Mannering says, “there’s always lots going on” in the area, known for its thriving food scene and well-preserved architecture built from gold rush prosperity.

“Best of all”, she says, are the locals, who are “so, so nice”.

Moving to the country was a big change for Mannering, who previously rented in inner-city Fitzroy. But the marketing professional wanted to own her own home.

Nadine Mannering moved from Melbourne to the regional city of Ballarat. Photo: Supplied

“It occurred to me that if I wanted to buy alone, I could never afford to buy in inner Melbourne – no chance,” she says. “Even if I scraped in somewhere, I’d never be able to afford a place with a garden, or a study, or a big kitchen.”

She narrowed down the regional possibilities by factoring in a possible commute to Melbourne and decided Ballarat (110 kilometres north-west) “seemed like an obvious choice”.

Mannering bought an “odd-shaped piece of land” in central Ballarat and enlisted her architect sister to design a two-bedroom, two-bathroom home that fitted on the block.

Her new home has also become her office as her employer supports flexible working arrangements, but Mannering travels the state too for her side gig as a marriage celebrant. The combination suits her. “I honestly don’t know if I could go back to working in the city every day,” she says.

Mannering now owns her own two-bedroom, two-bathroom home. Photo: Supplied

She has found plenty to explore in Ballarat’s charming streets and the “amazing artisan food and home products” of the markets in nearby Daylesford, Creswick and Talbot.

Being the new person in town can be hard, she concedes, but her concerns were allayed by “the small-town charm and the feeling of a country community” of her adopted home, “where people say good morning to you if you pass them on the street and where your neighbours want to know you”.

And of course, she has space to invite them all over now – “a house and a garden and a big kitchen and everything I wanted, and I can afford it on my own”.

Lara Flanagan 'fell in love' with the small town of Tenterfield. Photo: Lara Flanagan

Lara Flanagan loves her country home too, but small-town life wasn’t part of her game plan. She was “struck by a fairy wand or something” when she first drove into Tenterfield, a town of around 4000 people in regional New South Wales.

That was back in 2012 when Flanagan was a pastry chef living on the Gold Coast and just visiting Tenterfield to work at a function. But her first impression of the town, surrounded by national parks and mountain ranges, is still vivid.

Lara Flanagan's children Archie and Larissa. Photo: Lara Flanagan

“I just fell in love,” she says. “I thought it was the most beautiful place I’d ever seen in my life.”
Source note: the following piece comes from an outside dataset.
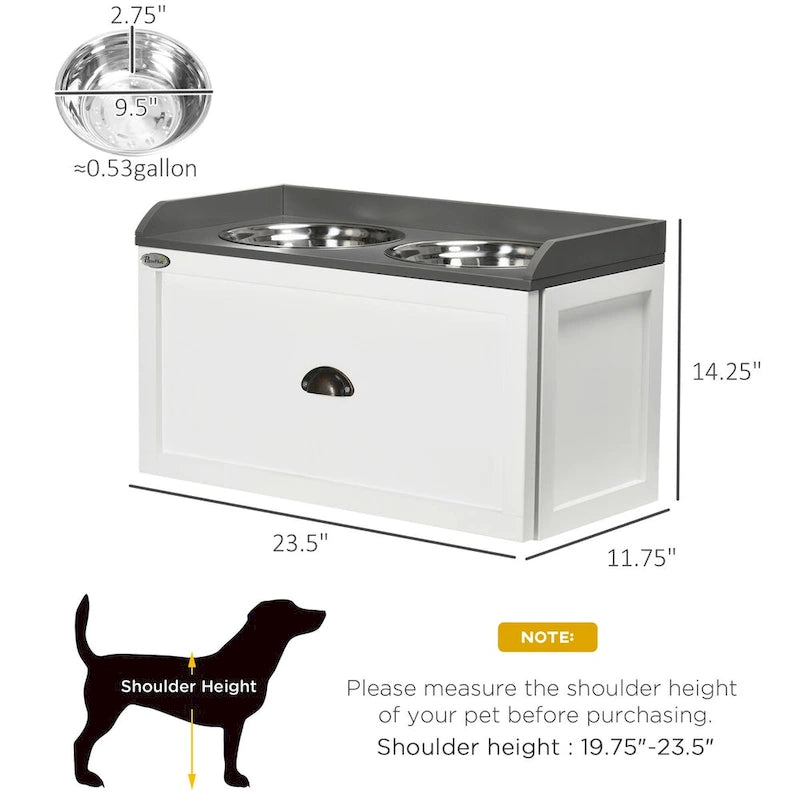 Dog Feeding Station with Storage Drawer, Dog Food Storage Cabinet with 2 Removable Elevated Dog Bowls for Large Sized Dogs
Six weeks after that visit, Flanagan and her four-year-old twins moved to the town. Her boss on the Gold Coast kept her job open for her, but the country lifestyle soon had the little family hooked.

Flanagan had “been a city girl all my life” but loved that “things aren’t so frantic here”.

“I ended up buying a little cottage, which I would never have been able to afford to do on my own on the Gold Coast,” she says.

The family often go for a dip together at a swimming hole in the afternoons. Photo: Lara Flanagan

The freedom that came with a lower mortgage meant other career avenues opened up. Over time, Flanagan has become a photographer, social media manager and freelance writer, “a bit of a Jill-of-all-trades”.

She’s loved watching her kids Larissa and Archie, now 13, “fall in love with nature and simplicity, and [learn] that they can have a really beautiful life, really simply. I think that’s some of the life lessons of the country”.

The three of them often go for a dip together at a swimming hole in the afternoons.

Tenterfield is home to around 4,000 people. Photo: Lara Flanagan

Flanagan describes Tenterfield as a town where shops still close on Sundays, “but it’s very cosmopolitan as well”.

She’s added to that richness too, recently opening her own photography gallery – an opportunity she attributes to the “knock-on effect” of the lower cost of living that regional life enables.

“I would never have been able to afford to pursue my dream of photography,” she says, “and to open my own little place in the city. It would have been completely beyond me.”